Onca ilmine, onca feyzine faziletine ve kabiliyetlerine rağmen Üstad Bediüzzaman’ın:
“Ben bir hiçim.. Ben bir kuru çubuk hükmündeyim.. Ben ders arkadaşınızım... Ben kendimi beğenmiyorum, beni beğenenleri de beğenmiyorum.. Bütün dünya beni medhetse, beni inandıramazlar ki ben iyiyim...” demiştir.
Niçin hemen herkesin gıpta ile hayranlıkla şahit oldukları onca meziyetlerini, istidatlarını nazarlardan saklıyarak gizli tutuyor?
Evet Üstadın: “Kendi nefsini ıslâh etmeyen başkasını ıslâh edemez” beyanı çerçevesinde yukarıdaki ifadelerdeki muhatabın kendi nefsi olmakla beraber, bütün ehl-i dine ikaz ve tavsiyelerde bulunuyor.
Nitekim Lemaat adlı Risalesinde de; “meziyetin (üstün özellik) varsa hafa (gizlilik) türabında (toprak) kalsın.
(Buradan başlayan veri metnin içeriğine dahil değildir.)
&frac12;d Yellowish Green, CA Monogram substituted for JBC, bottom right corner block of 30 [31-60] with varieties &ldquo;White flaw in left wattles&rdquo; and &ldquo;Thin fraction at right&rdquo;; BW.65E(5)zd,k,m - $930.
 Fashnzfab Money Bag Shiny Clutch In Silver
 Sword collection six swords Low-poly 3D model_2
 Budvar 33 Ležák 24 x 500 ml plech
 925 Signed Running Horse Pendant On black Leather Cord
Ta neşvünema (büyüme, gelişme) bulsun” gibi açık bir ifade ile kendilerinde göze çarpan bir meziyet bir özellik bulunan insanların tıpkı kendisi gibi bu özelliklerini kamufle ediyor Bediüzzaman.
Kişi Üstadın ikaz ve tavsiyelerini dikkate alarak meziyetlerini kamufle ederse veya etmese ne olur? Bu durumda da Üstad ne diyor: “Ey zihassa-i meşhure! (değerli özelliklere sahip kişi), Taayyünle (meydana çıkma) zulmetme. Eğer perde-i hafanın (gizlilik perdesi) altında sen kalırsan, ihvanına verirsin ihsan ve bereketi.”
Demek oluyor ki kendisinde var olan bazı meziyetlerin, bazı istidatların saikiyle devamlı vitrinlerde, sürekli ön saflarda bulunmayı adet haline getiren kişi farkında olmadan din kardeşine perde oluyor, dolayısıyla haksızlık hatta zulm etmiş oluyor. Böyle yapmayıp, o göze çarpan meziyetlerini kamufle ederek, biraz da arka planda durabilme kemalatını gösterirse de din kardeşine ikram ve ihsanda bulunuyor o kişi.
Bu durumu te’yid eden Üstadın şu tesbitlerine de bakalım: “Eğer taayyün edip (meydana çıkıp) perde altından çıksan, mükerrem iken altında, üstünde zalim olursun. Güneş iken orada, burada gölge edersin. İhvanını düşürttürüp hem nazar-ı hürmetten. Demek taayyün ve teşahhus (şahıs olarak görünme) zalim birer emirdir. Sahih doğru böyle ise, hem de böyle görürsün.”
Her şeyden önce verilen istidat, meziyetlerin ve özelliklerin birer ihsan-ı İlâhî, birer ikram-ı Rabbanî olduğunu unutmamak gerekir. Bu durumu kulak ardı edip, kişi o kabiliyetleri, doğrudan doğruya kendisinden bilip onları sahiplenme yanlışına düşerse, bilerek veya bilmeyerek yanlış yollara sapmış olur.
Tıpkı Üstadın ifade ettiği gibi kendi aczine, fakrına hatta cehline binaen, Yüce Allah tarafından kendisine o meziyetlerin, verildiğini derk ederse mesele yok. Böyle yapmayıp, kendisinde var olduğu zehabına saplanıp o meziyetlerin kendinin birer hüneri olduğu vartasına düşerse, işte o zaman; pederane ve mürşidane bir tavır içine girer. Ve çok geçmeden kendinde bulunduğunu zannettiği bazı istidatların saikiyle yalnız başına yoluna devam eder. Ki geçmişten bu güne baktığımızda bazı üstün özelliklerin bulunduğunu zanneden kişiler olduğunu görüyoruz.